P5’s impartial point of view is also relevant here. If the appropriate standpoint for moral reasoning is the view from nowhere — the standpoint that abstracts from the agent’s particular position, relationships, and identity — then the individual agent as the genuine first cause of his judgments from within his own particular standpoint has been effectively dissolved. The morally correct agent is one whose judgments are not his own in the libertarian sense; they are the outputs of the impartial calculus applied from a standpoint that is nobody’s in particular.
Finding: Contrary. Singer’s naturalism, his account of moral progress as causal conditioning overriding evolutionary bias, and his impartial point of view together eliminate genuine originating agency as the governing account of moral action.
Commitment 3 — Moral Realism: Inconsistent
This is the most philosophically complex finding in the audit. Singer’s position on moral realism has shifted across his career and is internally unstable in a way that produces an Inconsistent finding rather than a straightforward Contrary.
In his early work Singer was a preference utilitarian who treated moral claims as reducible to facts about preference satisfaction — a position that is not straightforwardly realist. In The Point of View of the Universe (2014), written with de Lazari-Radek, he moved toward a form of moral realism grounded in Sidgwick: there is a universe-level fact about what has value, and that fact is that experiences matter from the universe’s point of view. This is a realist claim — there are objective facts about what is good, discoverable through reason.
However, Singer simultaneously holds P3: moral intuitions are not direct apprehensions of moral truth but products of evolutionary and cultural conditioning. This makes the epistemological foundation of his moral realism unstable. If intuitions are unreliable guides to moral truth, and if argument and reflective equilibrium are the alternative, then what grounds the realist claim that there are objective moral facts? Singer’s answer — the universe’s point of view, Sidgwick’s point of view of the universe — is a realist claim held without a clear epistemological account of how we access it.
The Inconsistent finding arises because Singer’s record requires both moral realism (the universe-level fact about the value of sentient experience) and a denial of the epistemological resources the classical commitment requires to sustain moral realism (direct rational apprehension of moral truth).

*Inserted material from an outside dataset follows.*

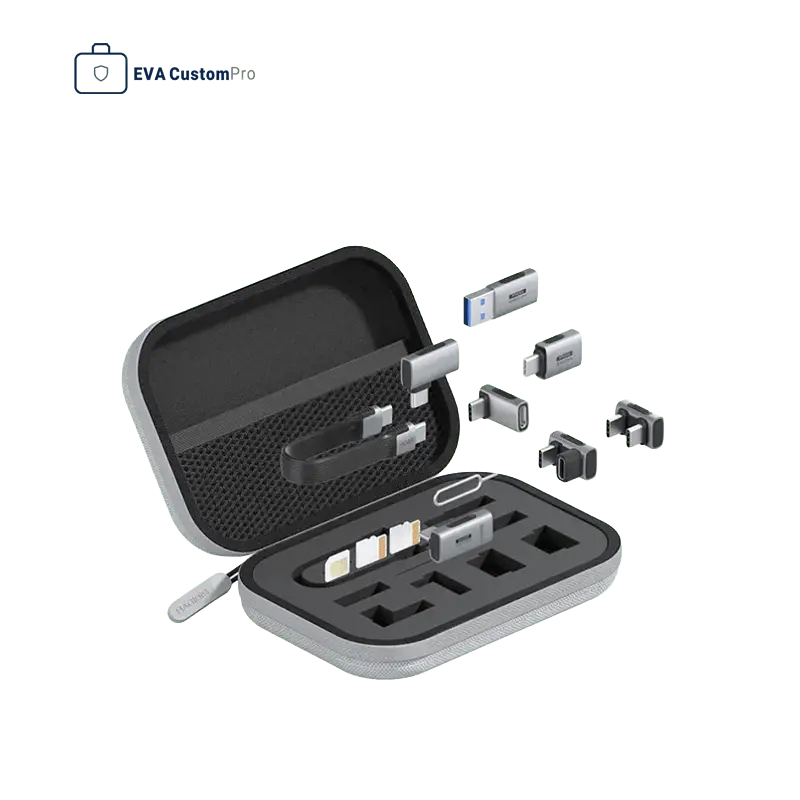 Compact grey EVA storage case open with precision die-cut foam insert for USB adapters, SD cards, SIM ejector tool, and upper mesh pocket.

He wants the metaphysical thesis without the epistemological one.
Finding: Inconsistent. Singer’s record requires moral realism at the metaphysical level (objective facts about what has value from the universe’s point of view) while simultaneously denying the epistemological resources — direct rational apprehension — that the classical commitment identifies as the means by which those facts are known. The realism and the anti-intuitionism cannot both be correct as stated.
Commitment 4 — Correspondence Theory of Truth: Partially Aligned
Singer’s factual claims about the suffering of animals, the effectiveness of charitable interventions, and the empirical consequences of moral choices are made as claims about how things actually are — claims that could be true or false depending on whether they accurately describe the situation. His empirical approach to ethics presupposes correspondence theory for factual claims.
The residual divergence is that his moral epistemology is coherentist rather than correspondence-theoretic in the classical moral sense. Moral truths are not established by correspondence to mind-independent moral facts apprehended by reason; they are established by reflective equilibrium — the coherence of considered judgments with moral principles after mutual adjustment. This is a coherentist rather than a correspondence account of moral truth. Whether his later Sidgwickian realism can rescue correspondence theory for moral claims is precisely the tension the Inconsistent finding on C3 identifies.
Finding: Partially Aligned. Correspondence theory is fully operative for empirical claims. Moral epistemology is coherentist rather than strictly correspondence-theoretic, though Singer’s later realism partially moves toward correspondence. The tension is unresolved.
Commitment 5 — Ethical Intuitionism: Contrary
Singer has argued against ethical intuitionism explicitly, repeatedly, and at length. His critique of moral intuitions as products of evolutionary and cultural conditioning is one of the most systematic in contemporary philosophy. In Practical Ethics he argues that intuitions about the special moral status of human beings, about permissible forms of killing, and about the limits of our obligations to strangers are not reliable guides to moral truth because they were selected for reproductive success rather than moral accuracy. In The Expanding Circle he argues that the history of moral progress is a history of argument overriding intuition — the abolition of slavery, the extension of rights to women and minorities, the emerging recognition of animal interests all required overriding strong and widely shared moral intuitions.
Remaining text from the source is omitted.